Laura Santos disse...

Fiquei verdadeiramente comovida a ler sobre estas suas memórias de infância. Uma infância tão dura, que a fez passar de repente de menina a mulher, de como a vida dos seus pais foi tão mais difícil ainda, de como tudo isso marcou toda a sua sensibilidade.
Um relato triste, e ao mesmo tempo, desconcertante de tão bem escrito!
Parabéns, Elvira. Adoro ler o que escreve.
xx

Donetzka Cercck L. Alvarez disse...

Que post lindo,querida amiga Elvira!

Fiquei emocionada com seu sincero e belo relato.Como é bom recordar! E conhecer você melhor,minha linda!

Amo seu espaço!


Aproveitei a conexão que melhorou um pouquinho hoje e vim me deliciar no seu espaço.

Beijos sabor carinho e semana de bênçãos e alegrias!

Donetzka

Pedro Coimbra disse...

Memórias da infância de muita gente, Elvira Carvalho.
Que hoje é difícil perceber.
Especialmente para os mais jovens.

Isa Sá disse...

Eram tempos difíceis...aos doze anos era tempo de ser criança...mas a vida não é fácil..

Isabel Sá
http://brilhos-da-moda.blogspot.pt

Fátima Pereira Stocker disse...

Elvira

Memórias de uma infância escassa de bens, mas sobeja de amor. Ele é o que mais conta.

Um beijo

aluap disse...

Eu embora tenha vivido numa época mais abundante já ouvi histórias de vida, de infância dura, mas o seu 'post' deixou-me os olhos cheios d´água.
A vida das pessoas alterou-se, quando fazemos uma viagem no tempo é que reparamos que tanta coisa mudou, para melhor dizem os mais velhos, para pior dizem os novos, se calhar porque não viveram o passado.


Um forte abraço.

Lilá(s) disse...

Memórias da infância de tempos dificeis, vivi numa época já bem melhor mas recordo os meus pais contarem as suas vivências...são coisas que os jovens de hoje já não gostam de ouvir porque não as entendem.
Bjs

Ana Pereira disse...

Boa tarde
Passei pelo teu cantinho para te dar a conhecer o meu modesto espaço de poesia.
Espero que gostes. Um abraço, Ana Pereira
http://almainspiradora.blogspot.pt/

paideleo disse...

Foi mesmo unha infancia dura.
Foron outros tempos que esperemos non volten.
Na foto estaban todos alegres.

Zé Povinho disse...

Infâncias de outros tempos, mas achei delicioso o detalhe do "teimoso" que não ouvia há bastante tempo...
Abraço do Zé

Marina Filgueira disse...

¡Ay Elvira!!!

Al leerte me traslado a mi infancia, no fue mejor que la tuya. Yo tampoco tuve niñez, con 11 años ya me puse a aprender el oficio de costurera.
Tiempos muy difíciles que ojalá nuestros hijos y nietos no tengan que pasar.
Lo has escrito muy bien con mucha gracia y hasta un pizco de ironía, que me ha hecho reír.

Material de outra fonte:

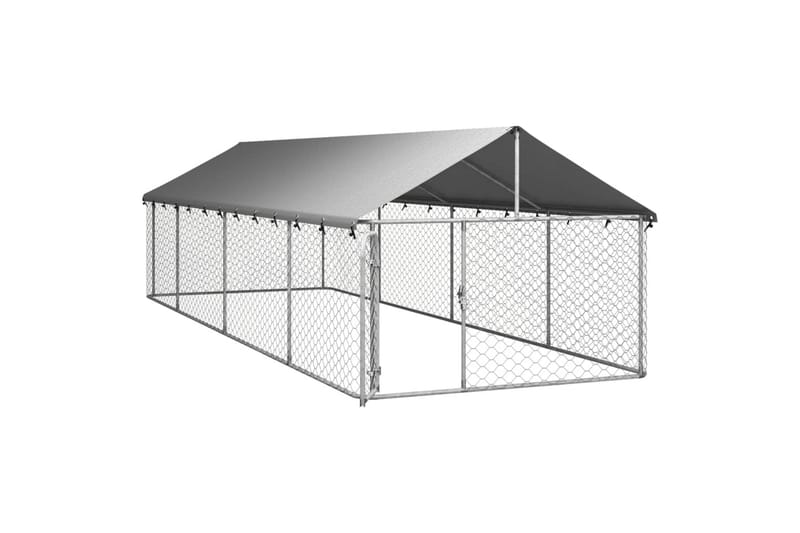 Hundgård med tak för utomhusbruk 600x200x150 cm - Silver - Sport & fritid - För djuren - För hund - Hundmöbler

Siempre es un inmenso placer pasar por esta tu casa.
Te dejo mi cálido abrazo, mi gratitud y mi estima siempre.
Se muy muy feliz.
Besiños.

Odete Ferreira disse...

Gosto mesmo muito de ler sobre memórias e as da infância têm o sabor da candura.
Tempos difíceis mas que amadureceram o carácter!